With this sort of experience, the problem that has evoked all of this discussion did not appear tricky at all. Though I must comment that the curve does not appear to be parabolic and the graph was of y vs x and y was never defined, but the conventional assumption would be y=f(x). When Catherine pointed out that the "a" in the problem was not the "a" from high school, I was confused because I could not remember a particular "a". It was only after I read that it was the coefficient of x^2 that I understood confusion. It got me to thinking...there are only two letters that have universal meaning, pi and e (both are numbers). One of the reasons you find Greek letters used so often is that after a while you run out of letters in the English alphabet. The only meaning that I could come up with for "a" was that it stood for "activity" in thermodynamics and the "scale factor" for the universe in cosmology. Each branch of science have their own conventions, and journals used to be very strict about using abbreviations: they had to be defined at the first use in a manuscript. My pet peeve is when an equation appears and all of the symbols are not defined.

This symbol confusion, though annoying, is nothing compared to the brain addling effects of using everyday words in a scientific context - "spontaneous" comes immedediately to mind.

rocky said...

Civilization advances by extending the number of important operations which we can perform without thinking about them.
Alfred North Whitehead


I want the kids to understand how things work. I don't like "magic math". So I would introduce multiplication by having them draw rectangles of dots nXm and count the dots. Then I tell them: You can do that each time, or you can memorize the answers. Here's the n times-table...

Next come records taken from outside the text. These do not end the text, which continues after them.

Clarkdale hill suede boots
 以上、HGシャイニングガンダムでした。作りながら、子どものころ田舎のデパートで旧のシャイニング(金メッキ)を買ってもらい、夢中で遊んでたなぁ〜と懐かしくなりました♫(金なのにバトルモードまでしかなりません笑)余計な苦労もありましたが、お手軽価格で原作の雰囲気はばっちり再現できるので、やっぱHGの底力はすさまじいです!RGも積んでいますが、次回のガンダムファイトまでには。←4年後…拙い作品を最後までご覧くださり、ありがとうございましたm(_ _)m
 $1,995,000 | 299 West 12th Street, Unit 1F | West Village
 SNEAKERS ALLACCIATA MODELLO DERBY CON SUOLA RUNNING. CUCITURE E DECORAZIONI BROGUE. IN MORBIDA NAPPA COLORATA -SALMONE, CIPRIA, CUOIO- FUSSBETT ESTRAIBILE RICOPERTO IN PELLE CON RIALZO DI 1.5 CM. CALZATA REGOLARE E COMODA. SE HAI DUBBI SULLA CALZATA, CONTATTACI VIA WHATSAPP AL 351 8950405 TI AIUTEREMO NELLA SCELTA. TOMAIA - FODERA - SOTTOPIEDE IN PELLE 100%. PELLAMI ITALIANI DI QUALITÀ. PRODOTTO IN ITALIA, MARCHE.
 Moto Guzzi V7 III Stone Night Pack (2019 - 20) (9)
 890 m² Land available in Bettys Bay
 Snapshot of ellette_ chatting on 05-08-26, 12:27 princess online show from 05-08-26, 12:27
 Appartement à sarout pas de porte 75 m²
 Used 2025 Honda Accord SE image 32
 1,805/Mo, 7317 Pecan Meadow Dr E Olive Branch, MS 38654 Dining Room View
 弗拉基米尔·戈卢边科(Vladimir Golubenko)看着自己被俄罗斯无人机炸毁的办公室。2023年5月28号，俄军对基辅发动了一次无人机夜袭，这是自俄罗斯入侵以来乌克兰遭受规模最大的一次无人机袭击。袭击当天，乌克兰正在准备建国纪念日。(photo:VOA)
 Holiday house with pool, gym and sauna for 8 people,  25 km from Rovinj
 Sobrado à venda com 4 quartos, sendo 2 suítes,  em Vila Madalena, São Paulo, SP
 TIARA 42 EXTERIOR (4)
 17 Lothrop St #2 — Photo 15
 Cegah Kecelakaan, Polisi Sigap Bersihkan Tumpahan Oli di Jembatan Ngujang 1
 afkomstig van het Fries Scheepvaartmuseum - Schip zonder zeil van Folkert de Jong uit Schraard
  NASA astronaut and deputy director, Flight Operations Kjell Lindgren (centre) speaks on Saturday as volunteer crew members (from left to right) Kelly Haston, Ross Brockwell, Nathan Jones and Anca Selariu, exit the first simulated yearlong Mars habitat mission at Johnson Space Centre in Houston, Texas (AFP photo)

I would teach fraction division the same way, first dividing fractions by whole numbers, then multiplying fractions by fractions, then discovering the reciprocal multiplies any fraction to 1. Finally, when I show them "invert and multiply", they will know how it works. Do I have them do it the long way more than a few times? No. I build on the shortcut.

In other words: yes, it all hangs together as a "seamless whole", but we must build it carefully because we don't often go back and check the connnections. Sometimes the "jigs" are never used again after the structure is built.